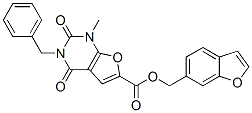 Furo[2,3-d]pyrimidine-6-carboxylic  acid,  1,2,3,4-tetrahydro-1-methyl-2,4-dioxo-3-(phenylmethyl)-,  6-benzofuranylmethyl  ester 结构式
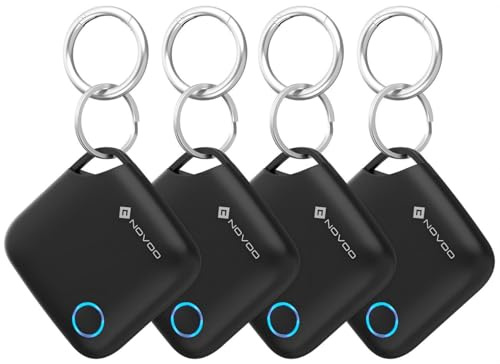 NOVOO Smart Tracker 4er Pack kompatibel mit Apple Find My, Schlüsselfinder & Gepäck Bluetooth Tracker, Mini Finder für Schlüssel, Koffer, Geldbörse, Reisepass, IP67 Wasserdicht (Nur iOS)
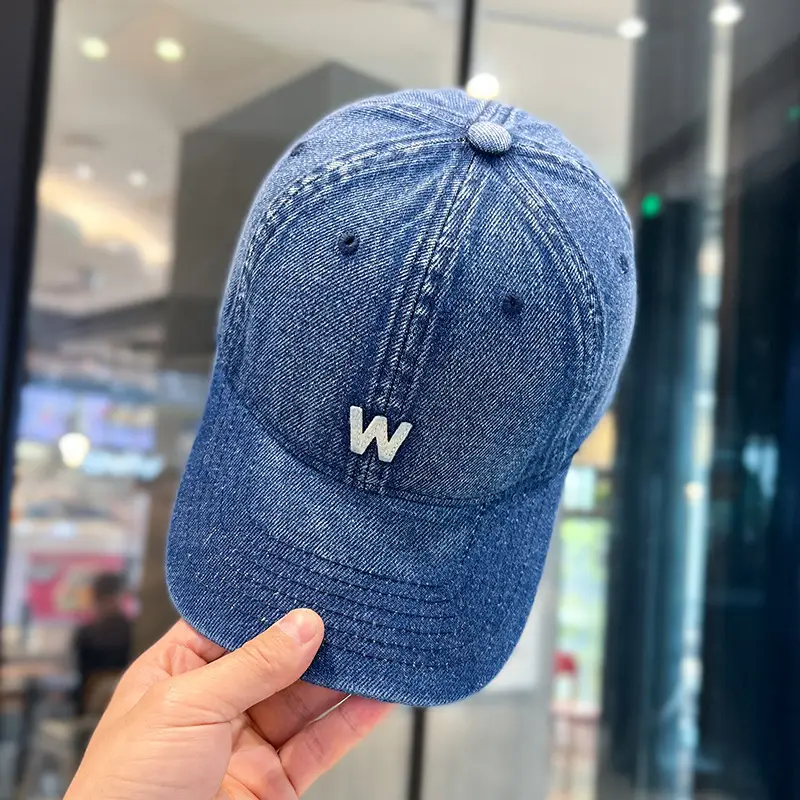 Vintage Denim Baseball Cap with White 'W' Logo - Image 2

...

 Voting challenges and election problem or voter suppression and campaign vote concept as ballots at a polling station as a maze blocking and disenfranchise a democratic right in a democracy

__WHAT IS EXPECTED__: Within the listing above, find the line containing "NOVOO Smart Tracker" and the line containing "Vintage Denim Baseball". Transcribe them and everything between them exactly, leaving out the pictures.

__RESULT FOR THIS TASK__:
 NOVOO Smart Tracker 4er Pack kompatibel mit Apple Find My, Schlüsselfinder & Gepäck Bluetooth Tracker, Mini Finder für Schlüssel, Koffer, Geldbörse, Reisepass, IP67 Wasserdicht (Nur iOS)
 Vintage Denim Baseball Cap with White 'W' Logo - Image 2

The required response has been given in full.